Jaime and I pulled out of my driveway at 11:30 in the morning on May 28th, and by 3:30pm we were on our way out of Florida. Things were downright uneventful throughout most of the day, and we began to look for out-of-state license tags on other cars along the highway. His brother made us a road-trip CD, and we listened to it. La la la, we sang. California, here we come!

We ploughed through Alabama, where I was convinced that I'd lived for 2 years of my early life. Called my mom and discovered that I was wrong, and I'd never lived in Alabama, ever.

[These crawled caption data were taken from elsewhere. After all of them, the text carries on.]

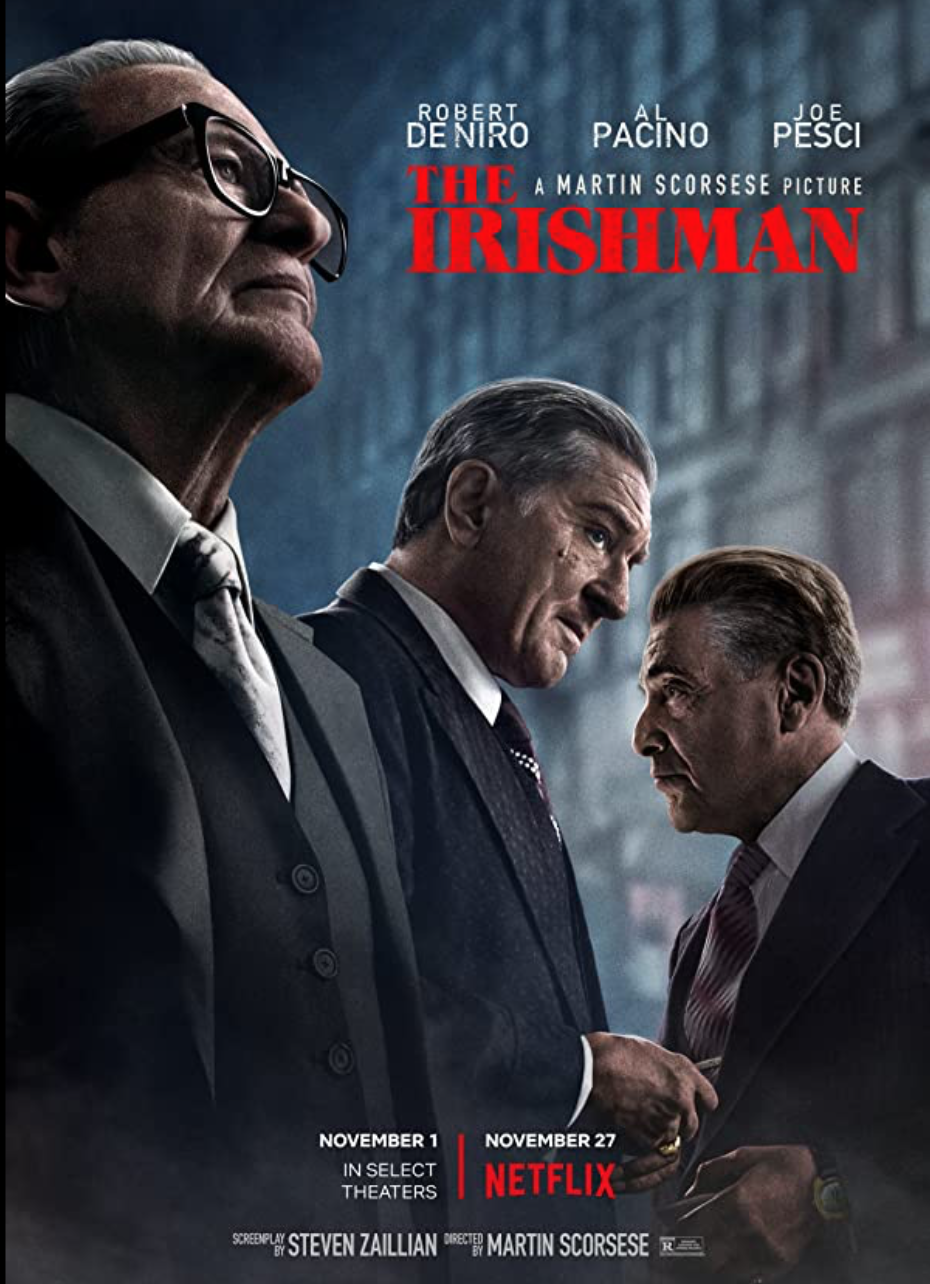 The Irishman | 2019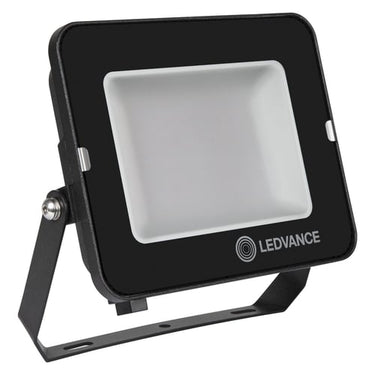 LEDVANCE Floodlight Compact Value 4500lm 50W/830 sort IP65 - 1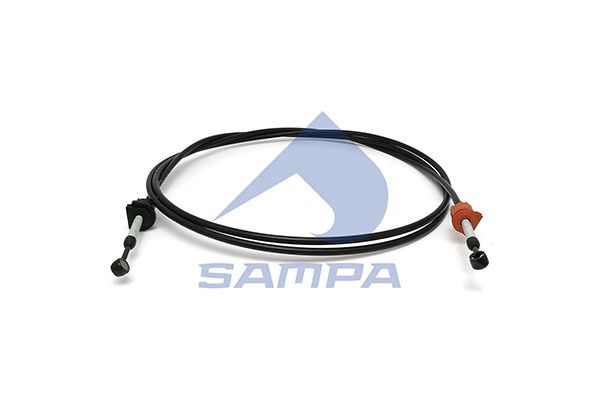 Трос коробки передач HCV - SAMPA 035.221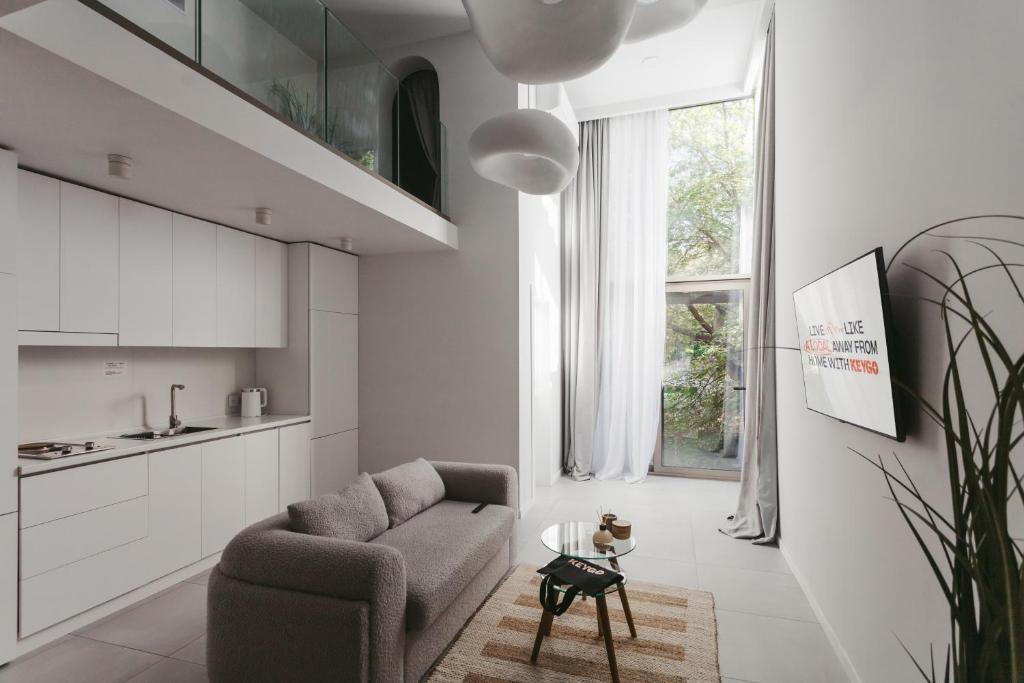 Apartment KeyGo #0017 is the key to the center of Yerevan, Jerevan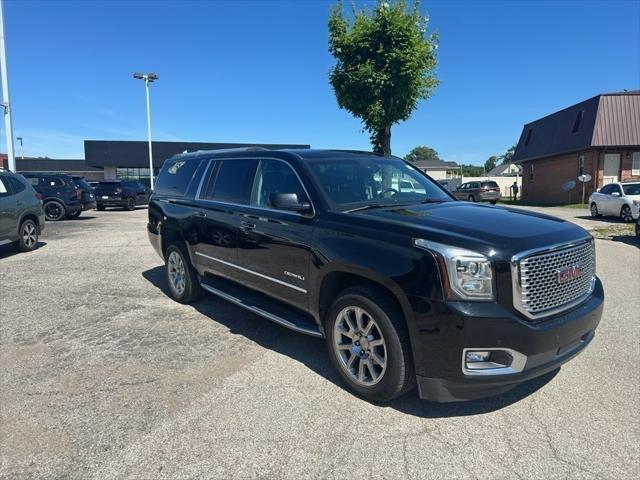 used 2016 GMC Yukon XL car, priced at $23,814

The plan was to stop in Louisiana for the night, and as we were driving though Covington, I became hungry for some Cajun food. The sun was setting and I could see the pink and purple rays of the dying light reflecting in the waters of the bayou. Beautiful. I wondered how many alligators were watching the cars go by along the highway and just dreaming of the days when a tourist gets out to pee in the dark. Traffic was moving along at a good pace, but down the road about a mile we could see the flashing yellow and blue lights of a police cruiser and construction equipment. We slowed, and slowed, and came to a gradual stop in the right lane of the two lane highway. I was talking about my sudden and intense craving for jambalaya, or gumbo.

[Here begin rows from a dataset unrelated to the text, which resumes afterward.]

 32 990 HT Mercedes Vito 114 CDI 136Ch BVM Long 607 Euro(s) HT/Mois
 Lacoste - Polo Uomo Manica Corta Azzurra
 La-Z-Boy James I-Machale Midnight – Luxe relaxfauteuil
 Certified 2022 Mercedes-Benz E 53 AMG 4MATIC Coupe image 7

The truck behind us somehow missed all those lights, and the slowing down, and did not attempt to stop until it was way too late. Jay and I heard that god-awful sound of tires squealing against asphalt, and we saw the truck barreling down behind us, fishtailing and way too close way too fast. We were going to get rear-ended. We were going to get rear-ended, we were going to get thrown into the car in front of us, airbags would pop, our car would be totaled, and, both of us without insurance, would wind up with shoulder, back and neck injuries. The trip would be ruined- we'd have to go back to Florida to recover from our injuries. Years of physical therapy, thousands of dollars in x-rays and MRI's. Just like what happened to me 5 years ago. Why God Why.

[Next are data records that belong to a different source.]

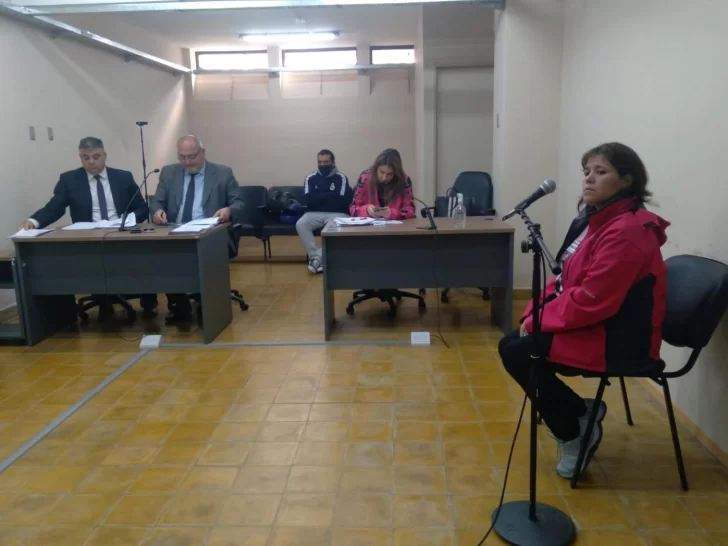 La investigan por la muerte de un motociclista a causa de un montículo de ripio en su frente La investigan por la muerte de un motociclista a causa de un montículo de ripio en su frente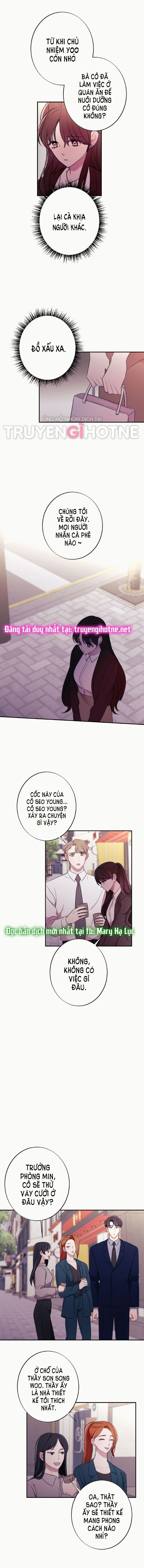[18+] CÁM DỖ MÀU ĐỎ 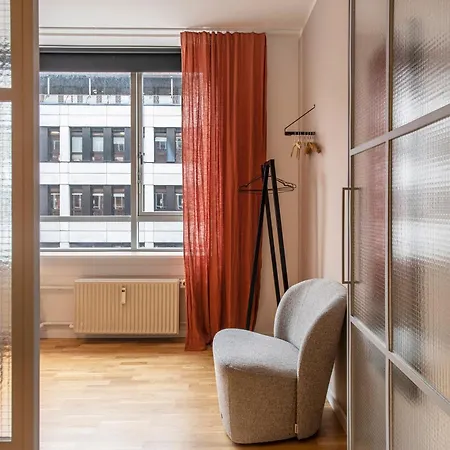 The Lakes By Daniel&jacob's Aparthotel Copenhagen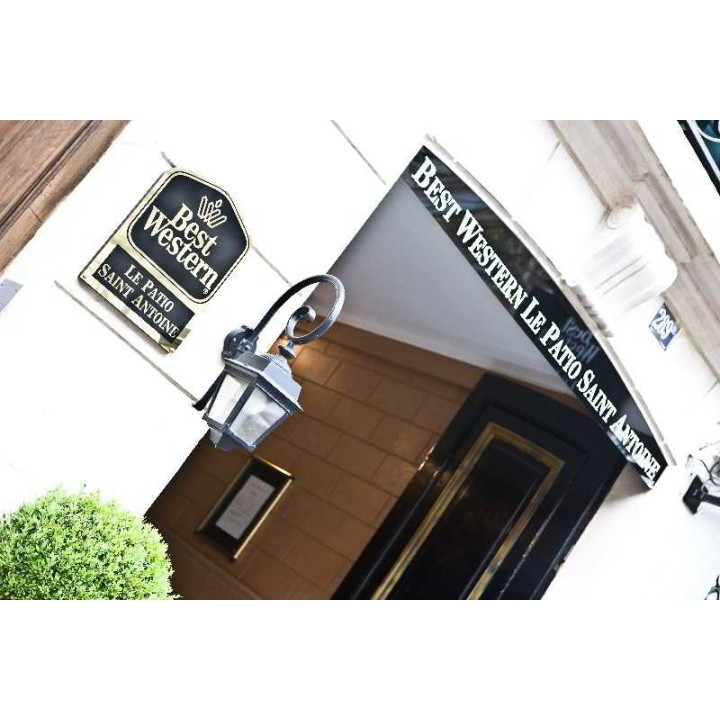 Home Plaza St. Antoine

Somehow, though, my Hero saw the truck too, and heard the screaming tires, and had the foresight to leave enough room between his car and the car in front of us, and he floored our Eclipse into the right-hand lane in the nick of time- the truck slammed through the empty space where we had just been, and continued on to slam into the car that had been in front of us, which slammed into the car in front of them. The squeal, the sonic-boom double-crunch of metal slamming into metal. That sound has been in my nightmares for years, and here it was again, 4 feet away from us. Airbags were deployed; back neck and shoulder injuries were distributed. All this happened right in front of the Highway Patrol Car, so, since Help was there and Jaime could tell that no one was seriously hurt, we moved on with traffic. I was literally shaking in my seat as my body had flooded itself with adrenaline and freak-out juice. It wasn't us. It wasn't me this time- it was someone else. I was OK. The tiger pounced, and it wasn't me.
This absolutely made me feel sure that we were in the right place at the right time. And even is we weren't, my clever and amazing husband saved us.
Oh, and if that isn't enough to make you a believer, after I calmed down, Jay suggested I call Mike Mayhall, our friend from Universal and Sea World, to get a recommendation of a good Cajun place to eat. Mike had moved to LA some years ago, but he knows his gumbo. We called Mike. He answered. He was 15 minutes down the highway from us, about to eat at a Cajun restaurant, did we want to join him? Yes, yes, I believe we did. And we did. And I ate jambalaya, gumbo, and red beans and rice, and oysters, and had a massive beer the size of a human head. The meal of a tiger-escapee. It tasted like Awesome.